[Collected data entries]
Segment Open

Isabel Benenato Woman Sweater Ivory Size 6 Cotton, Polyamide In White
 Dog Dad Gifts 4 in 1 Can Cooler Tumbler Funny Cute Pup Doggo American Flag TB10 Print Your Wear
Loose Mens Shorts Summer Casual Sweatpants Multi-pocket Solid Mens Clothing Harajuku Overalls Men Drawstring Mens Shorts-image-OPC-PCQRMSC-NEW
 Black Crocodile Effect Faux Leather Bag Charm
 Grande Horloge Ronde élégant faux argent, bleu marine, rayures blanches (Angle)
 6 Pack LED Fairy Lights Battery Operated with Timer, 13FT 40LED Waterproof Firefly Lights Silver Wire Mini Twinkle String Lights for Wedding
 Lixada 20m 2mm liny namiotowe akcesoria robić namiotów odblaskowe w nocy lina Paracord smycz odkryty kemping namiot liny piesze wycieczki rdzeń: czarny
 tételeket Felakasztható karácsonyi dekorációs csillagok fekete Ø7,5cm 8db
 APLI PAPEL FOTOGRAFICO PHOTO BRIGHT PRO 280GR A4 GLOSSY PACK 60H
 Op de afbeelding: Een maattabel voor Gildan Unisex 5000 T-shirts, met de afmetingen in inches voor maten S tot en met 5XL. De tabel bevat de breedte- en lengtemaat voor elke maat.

Segment Closed

*What is expected*: Once you have read the entries, write them all out again exactly.

*Task result*:
Isabel Benenato Woman Sweater Ivory Size 6 Cotton, Polyamide In White
 Dog Dad Gifts 4 in 1 Can Cooler Tumbler Funny Cute Pup Doggo American Flag TB10 Print Your Wear
Loose Mens Shorts Summer Casual Sweatpants Multi-pocket Solid Mens Clothing Harajuku Overalls Men Drawstring Mens Shorts-image-OPC-PCQRMSC-NEW
 Black Crocodile Effect Faux Leather Bag Charm
 Grande Horloge Ronde élégant faux argent, bleu marine, rayures blanches (Angle)
 6 Pack LED Fairy Lights Battery Operated with Timer, 13FT 40LED Waterproof Firefly Lights Silver Wire Mini Twinkle String Lights for Wedding
 Lixada 20m 2mm liny namiotowe akcesoria robić namiotów odblaskowe w nocy lina Paracord smycz odkryty kemping namiot liny piesze wycieczki rdzeń: czarny
 tételeket Felakasztható karácsonyi dekorációs csillagok fekete Ø7,5cm 8db
 APLI PAPEL FOTOGRAFICO PHOTO BRIGHT PRO 280GR A4 GLOSSY PACK 60H
 Op de afbeelding: Een maattabel voor Gildan Unisex 5000 T-shirts, met de afmetingen in inches voor maten S tot en met 5XL. De tabel bevat de breedte- en lengtemaat voor elke maat.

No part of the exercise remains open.